Une vision nécessairement panoramique, dans le dessein de mieux saisir les tenants et les aboutissants de la sociologie critique, conduit à envisager les dernières décennies sous l'angle du dépassement de ce programme de recherche initial, à au moins trois titres.

En premier lieu, le paradigme des « effets limités », initié par l'équipe de Lazarsfeld a été remis en perspective par des orientations moins alternatives que complémentaires puisqu’elles ne contrarient pas l'énoncé de base. Elles approfondissent un champ d'étude souvent « limité » aux effets de courte période, seules incidences que la recherche empirique parvient à « appréhender » pleinement. Pour reprendre la synthèse didactique d'Elihu Katz, « les médias ne nous dictent certes pas ce que nous devons penser » mais plus subtilement et indirectement, ce à quoi nous devons penser » (travaux autour de la mise sur agenda), et « ce à quoi nous ne pouvons pas penser » (délimitation d'un univers du pensable qui vaut davantage par ce qu'il exclut et interdit de penser que par ce qu'il rend visible, l'argument d'absence d'effets étant ici justement retourné par les descendants de l’école de Francfort ). Katz écrit d’ailleurs à propos des effets médiatiques que « ceci suggère qu’il existe pour certains domaines des chaînes d’influence de personne à personne beaucoup plus longues que la simple dyade et qu’il faut peut-être remonter le long de ces chaînes avant de rencontrer une influence décisive des médias de masse, même si l’on peut en percevoir quelques traces en certains points » (Katz 1989).
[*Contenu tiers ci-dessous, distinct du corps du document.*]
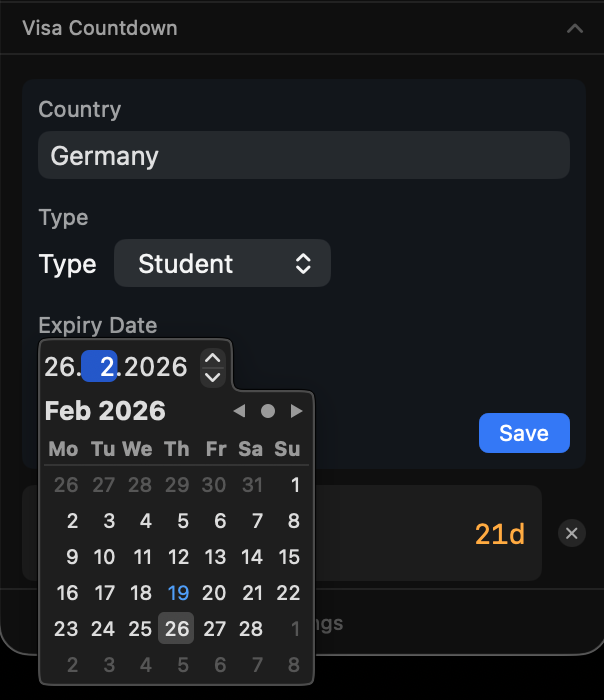 Add visa form — country, type, and expiry date picker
Seconde réorientation, la saisie simultanée des segments du questionnaire programmatique de Lasswell, restituant, mais sur des terrains délimités cette fois, l'indissociabilité des processus de communication. Ainsi peut-on relire le courant dit des « cultural studies », trop souvent rangé sous la bannière des « recherches d'effets » alors même que le renouvellement que ces études ont permis, était garanti par une bien meilleure lecture simultanée des vecteurs utilisés, des propriétés sociales des « récepteurs », et des textes et messages encodés/décodés.
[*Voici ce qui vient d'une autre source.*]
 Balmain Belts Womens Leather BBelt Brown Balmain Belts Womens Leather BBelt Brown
Troisième piste, parallèle, le retour à certaines questions délaissées ou maltraitées du programme initial, sur la base d'acquis disciplinaires « extérieurs ». Nous pensons ici à la réévaluation, à la complexification du contenu des messages par prise en compte des structures narratives, du rôle de la sémiotique. Il faut aussi noter la réintégration d’outils conceptuels légués par l'analyse littéraire (esthétique de la réception, pactes de lecture...) ou sociologique (l'affinité partielle des schèmes de perception permise par l'homologie des positions de Pierre Bourdieu, la « mise en scène du quotidien » décrite par Erwin Goffman...).
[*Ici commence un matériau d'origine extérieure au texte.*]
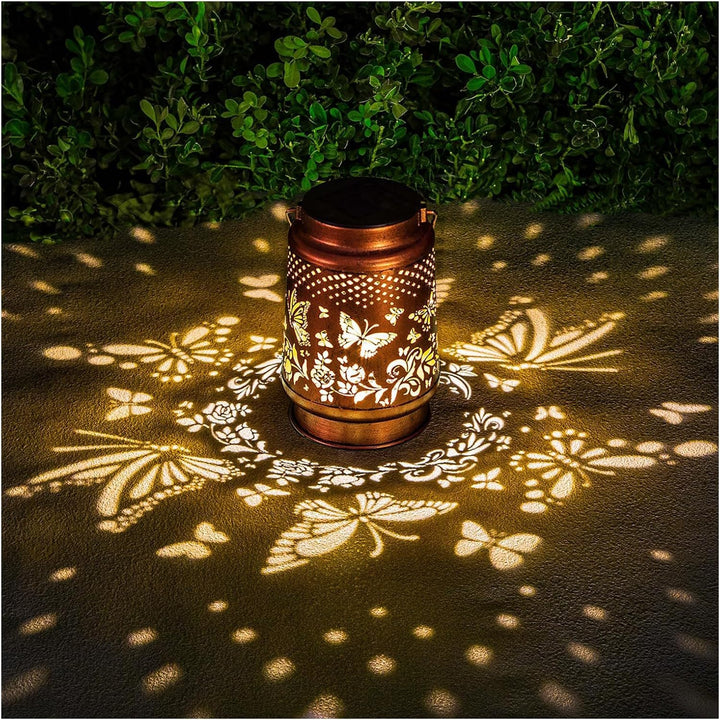 Intricate Metal Shadow Projection Table Lamp with Rechargeable LED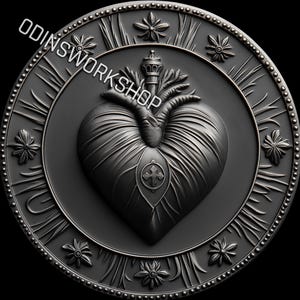 u- Sacred Heart 4k 3D Prägedateien, Faserlasergravur Designs, Münzgravur Tiefenkarte Laserschnittdateidesign. EDC tiefen Karte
Le socle des études sur la communication de masse s'est constitué peu avant que n'éclate la Seconde Guerre mondiale, mais le paradigme américain ne constitue pas l’essentiel des recherches basées sur l’étude des « mass media », difficile d’ailleurs de bien le décrire sans lui opposer sa critique principale et primordiale, initiée par les tenants de l’école de Francfort, troisième déplacement de l’épicentre géographique des recherches, revenu en Europe.